The title says it all, I'd like to make some animated GIFs and would like to be pointed in the right direction programwise.

I run WinXP.


----------



## Randy (Dec 22, 2008)

Hmmm... wish I could help you with that.

Myself, I use Ulead Gif Animator 5 and it works fine. The only thing is that it hasn't been updated in ages because it's been d/l'd a million times over again (r*pidsh*re, and the like)... so I believe Ulead abandoned it for the most part.

Old as it may be, however, I've never run into a single problem getting it to do what I want.

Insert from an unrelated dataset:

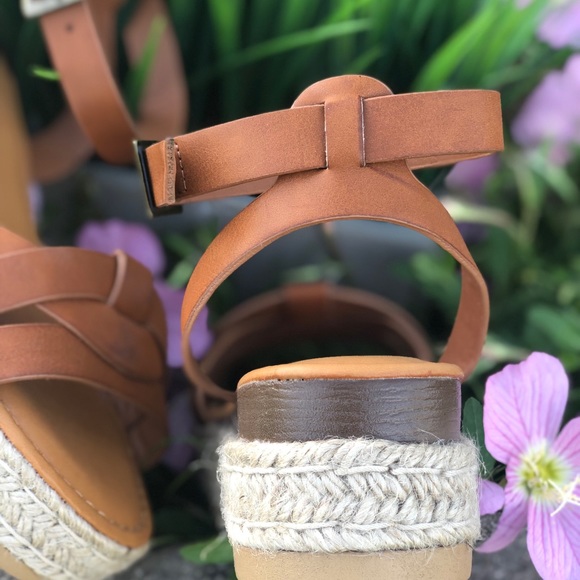 🔅Size 10🔅Espadrilles Platform Sandals Twine - Picture 5 of 8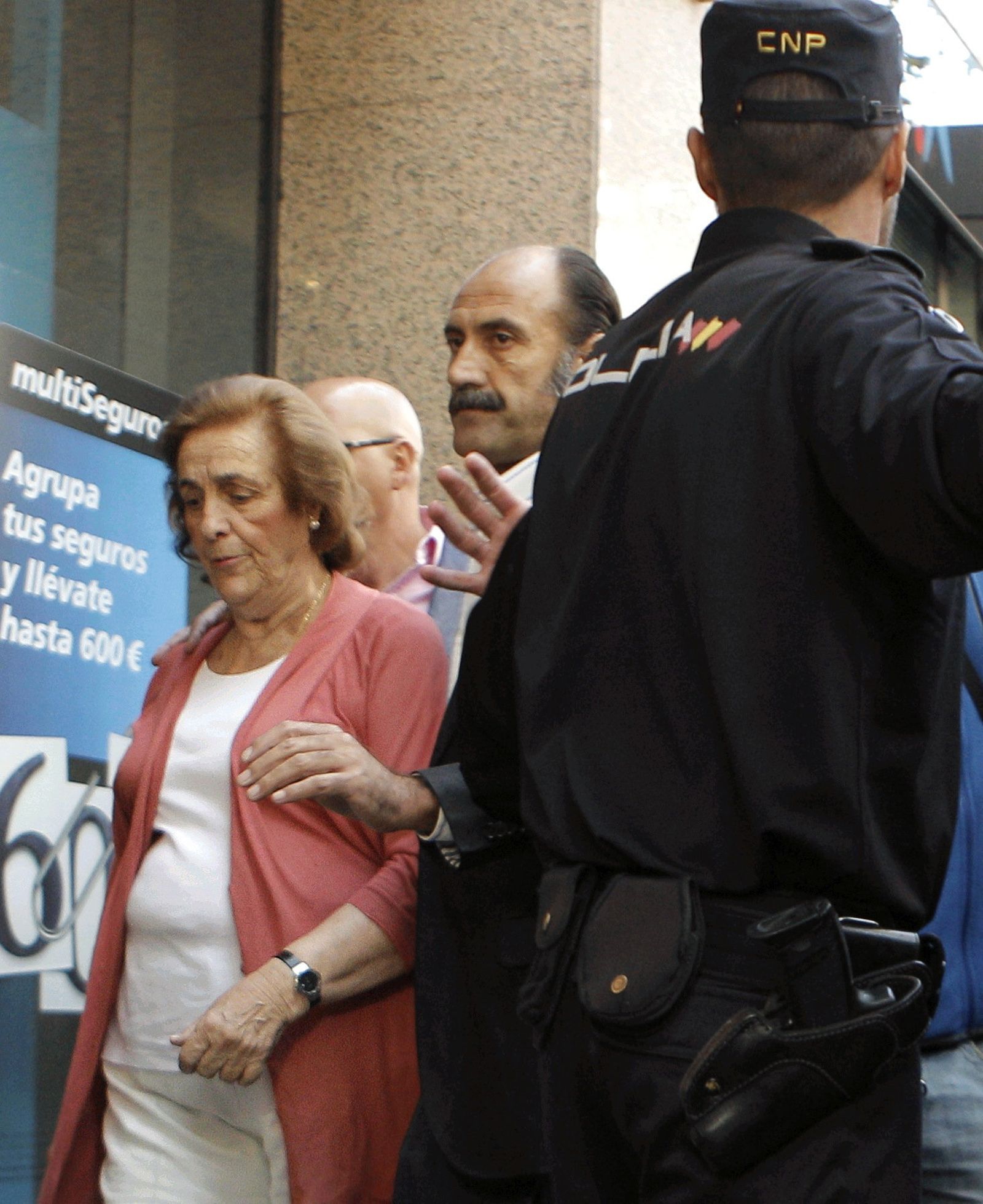 Teresa Rivero, en una imagen retrospectiva.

You can track down a copy online for... um... cheap-ish if you keep your eye open.


----------



## sami (Dec 29, 2008)

hmm. not sure. See if GIMP has that ability. GIMP is an open source version of Photoshop, but I don't know if it includes an ImageReady counterpart as well. I *think* I made an anigif using Irfanview back in the day, but I can't remember. I highly recommend using Irfanview as your default imageviewer in Windows.


----------



## twiztedchild (Jan 4, 2009)

sami said:


> hmm. not sure. See if GIMP has that ability. GIMP is an open source version of Photoshop, but I don't know if it includes an ImageReady counterpart as well. I *think* I made an anigif using Irfanview back in the day, but I can't remember. I highly recommend using Irfanview as your default imageviewer in Windows.



so Photoshop's ImageReady is a .gif animater?


----------



## Pauly (Jan 4, 2009)

I use ImageReady.


----------



## sami (Jan 5, 2009)

yup, that's what I use to animate gifs.


----------